In 1947 he went to the California Institute of Technology with the aid of a National Research Council fellowship, where he learned the principles and techniques of crystallography from the distinguished group of scientists gathered there by Linus Pauling. Two years later he took up an appointment at Brown, where he set up an X-ray laboratory and began independent work. Several extended visits to other centers of X-ray structure work provided varied experience and exchange of ideas.

He was awarded a Guggenheim Fellowship for the 1956-57 academic year, which he spent at the University of Leeds, England, with the very active group in chemical crystallography. In 1963-64 he was a visiting professor at the University of Groningen, The Netherlands.
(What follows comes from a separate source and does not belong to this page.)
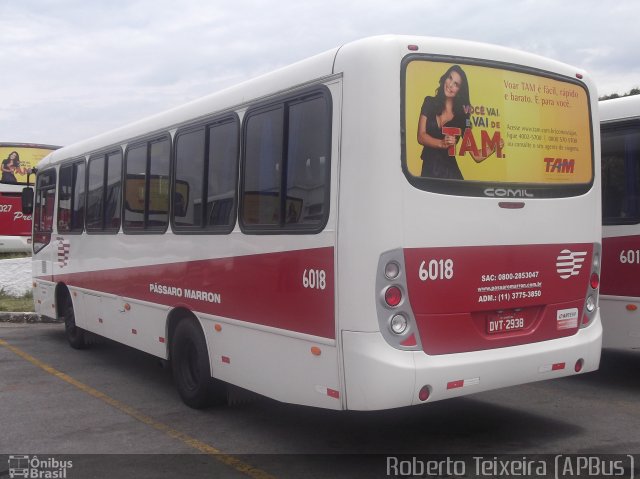 Empresa de Ônibus Pássaro Marron 6018 na cidade de Guaratinguetá, São Paulo, Brasil, por Roberto Teixeira. ID da foto: 845708.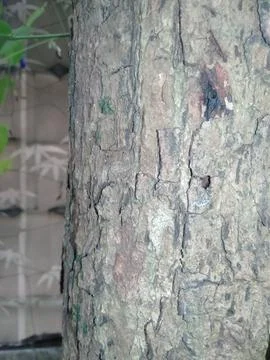 Broken guava tree trunk Stock Photos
In 1966 he taught chemistry courses at Tougaloo College, Tougaloo, Mississippi, on special assignment from Brown, to help with an unexpected loss of a faculty member there. This deviation from normal routine was both pleasant and satisfying; research activity at Brown continued with help of a postdoctoral research associate.

He wrote Principles of Crystal Structure Determination, published in 1969, because there was then no adequate textbook for the course he taught. The book was notable for the amount of information it conveyed in a relatively few pages.

He was a Fulbright-Hayes lecturer at the University of Zagreb, Yugoslavia, in 1971-72. He was a visiting scientist at the Oak Ridge National Laboratory in 1980, visiting professor at the University of Göttingen, Federal Republic of Germany in 1987, and visiting scientist at the University of Canterbury, Christchurch, New Zealand, in 1989.

At the end of the Oak Ridge trip, he was asked to return to Brown immediately in order to help with planning a major new building to house chemistry and geology research. He and his colleague Philip Rieger served as intermediates between chemistry faculty and the architects and engineers. This merging of experience produced an attractive and functional design.

He is a member of the American Crystallographic Association and of the American Chemical Society. He has authored or co-authored well over a hundred research papers, almost all reporting one or more new structure determinations. He had started such work when X-ray crystallography was a difficult and time-consuming process, then participated in the steady increase in speed and power of the technique, until it is now almost routine to solve structures of molecules of 100-200 atoms in a few days.